Keep the lines exact and the pictures out as you repeat the following listing.

> _DATASET EXCERPT_
--- START ---
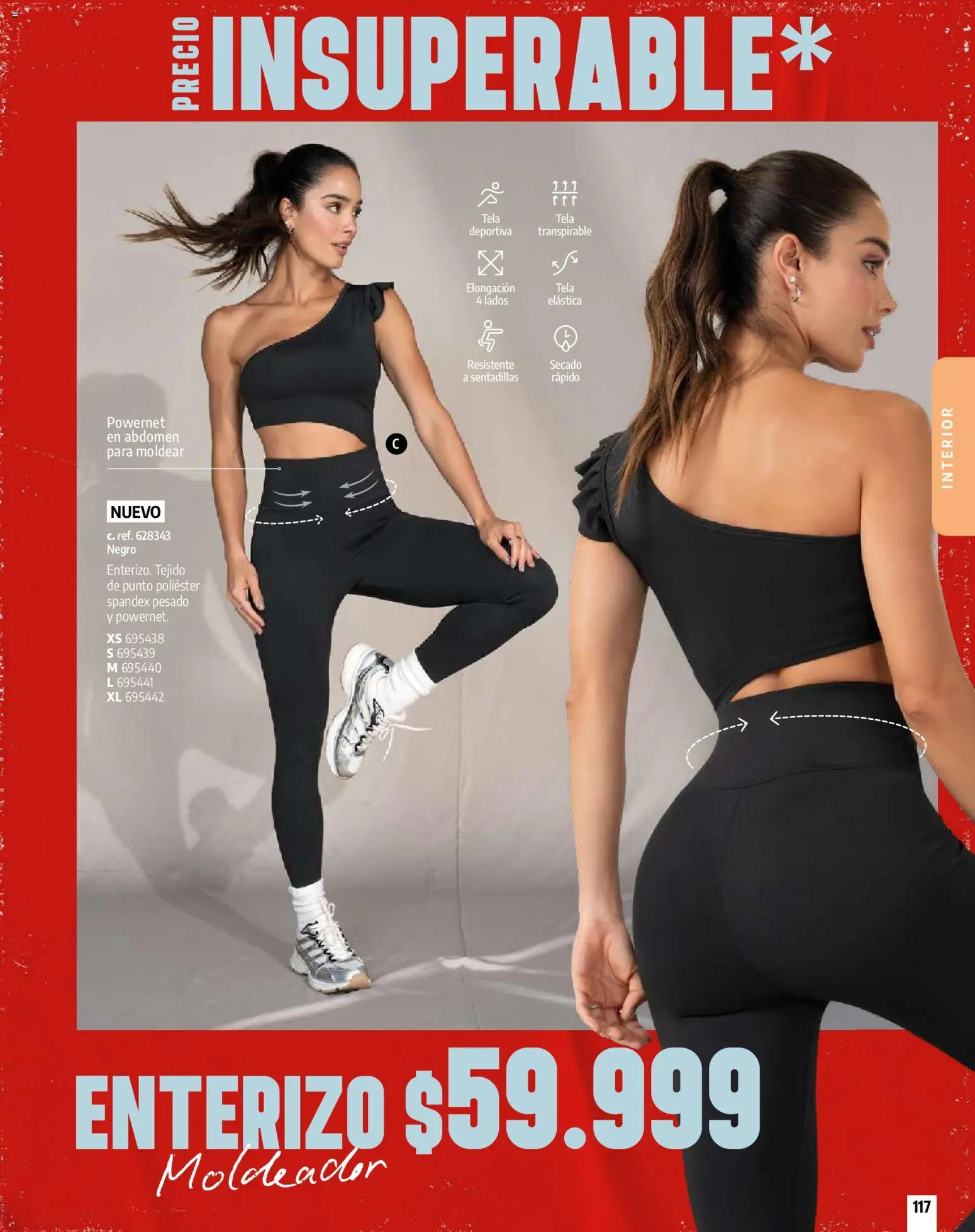 Pacifika revista - valida desde el 01.01.2026 | Página: 117 | Productos: Enterizo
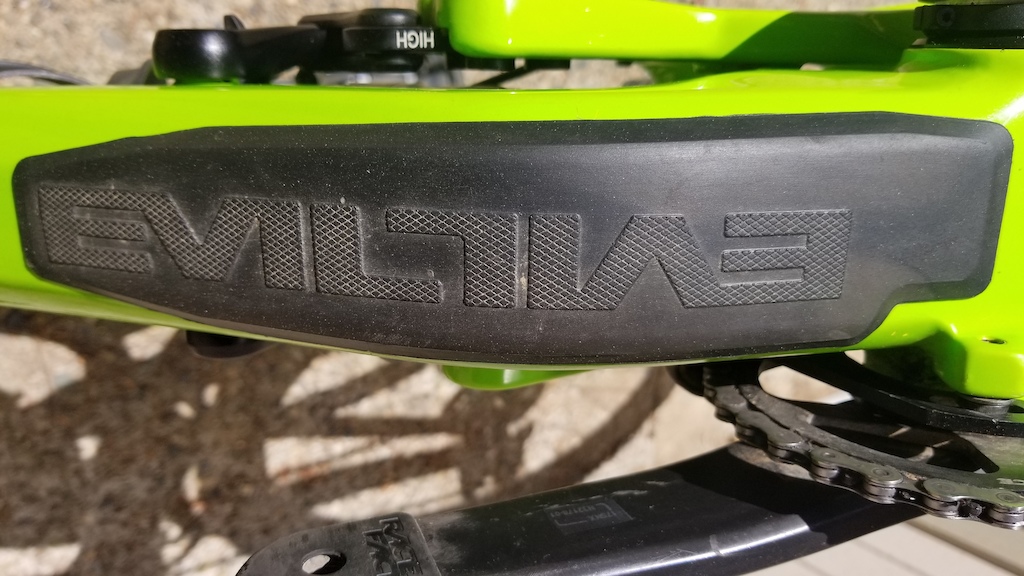 2016 Large EVIL Following. Custom build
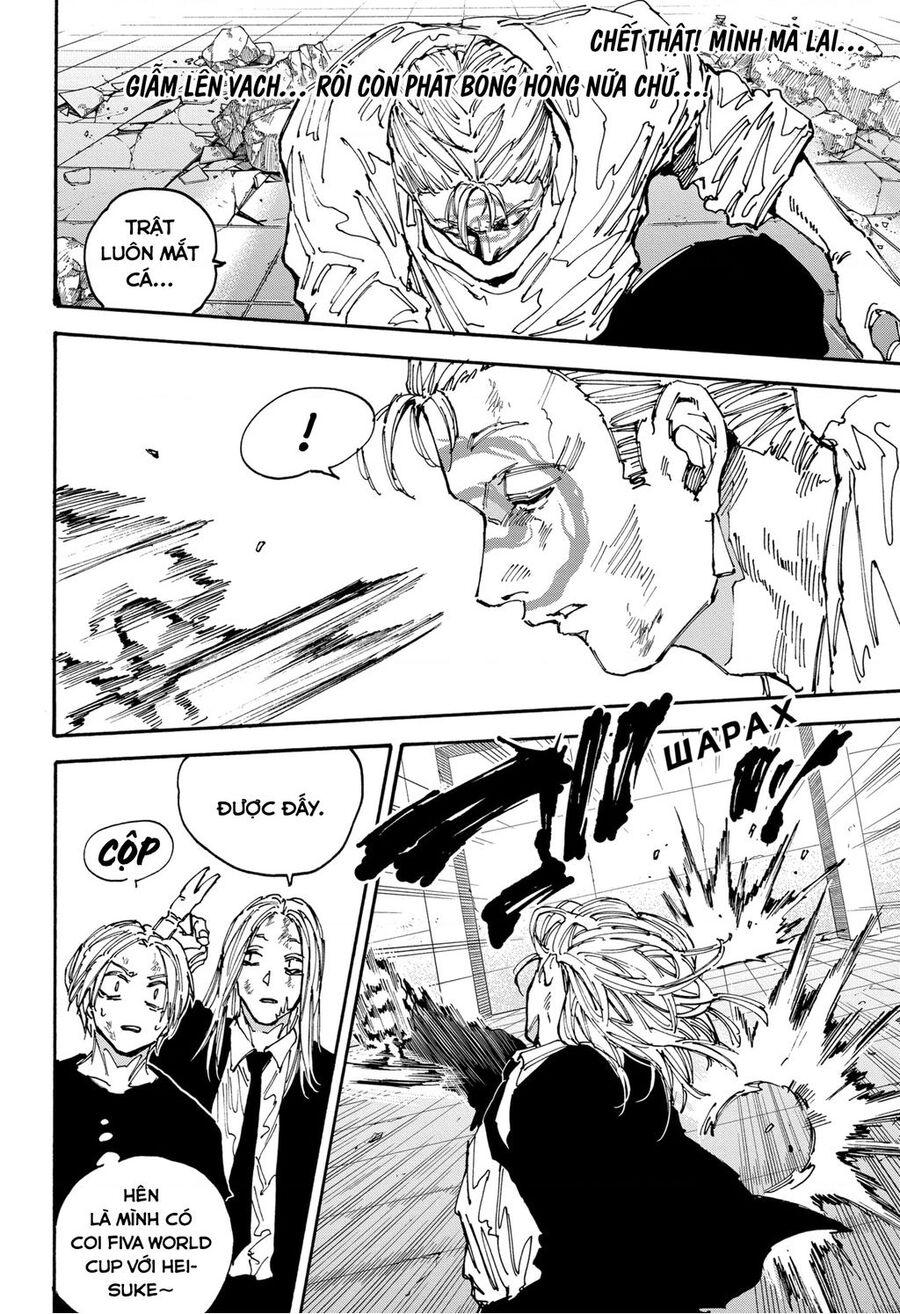 Sakamoto Days Chap 155 - Trang 9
--- END ---
> _EXERCISE ANSWER_
 Pacifika revista - valida desde el 01.01.2026 | Página: 117 | Productos: Enterizo
 2016 Large EVIL Following. Custom build
 Sakamoto Days Chap 155 - Trang 9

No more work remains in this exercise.